*** Opening of Collected material ***

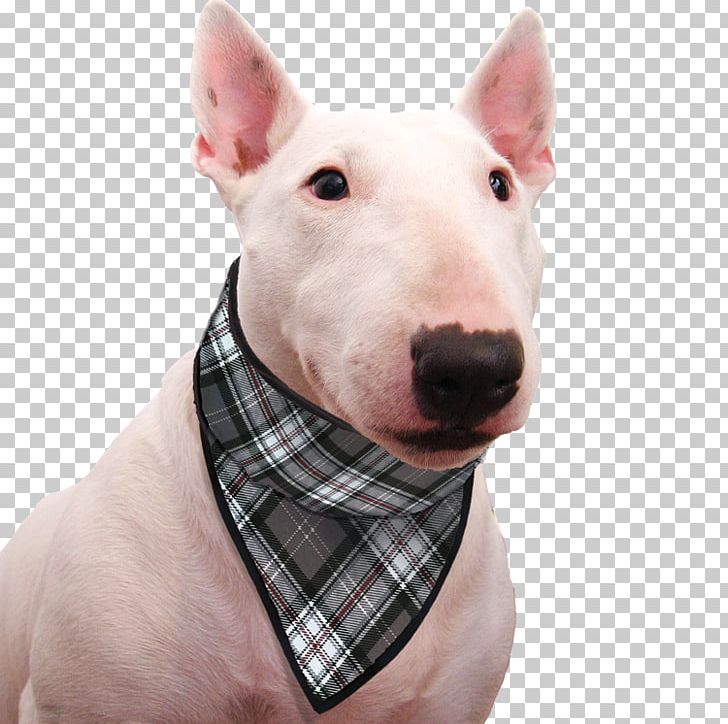 Miniature Bull Terrier Bull And Terrier Old English Terrier Dog Breed PNG, Clipart, Bull And Terrier, Bull Terrier, Bull Terrier Miniature, Carnivoran, Cat Free PNG Download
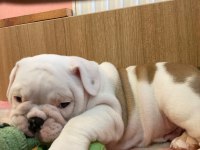ÇOCUK DOSTU ENGLİSH BULLDOG YAVRUMUZ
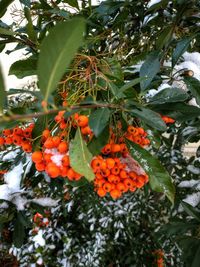 Close-up of orange fruits on tree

*** Close of Collected material ***

Assigned task:
Leaving every picture out, repeat each line of the material exactly.

Reply to the task:
 Miniature Bull Terrier Bull And Terrier Old English Terrier Dog Breed PNG, Clipart, Bull And Terrier, Bull Terrier, Bull Terrier Miniature, Carnivoran, Cat Free PNG Download
ÇOCUK DOSTU ENGLİSH BULLDOG YAVRUMUZ
 Close-up of orange fruits on tree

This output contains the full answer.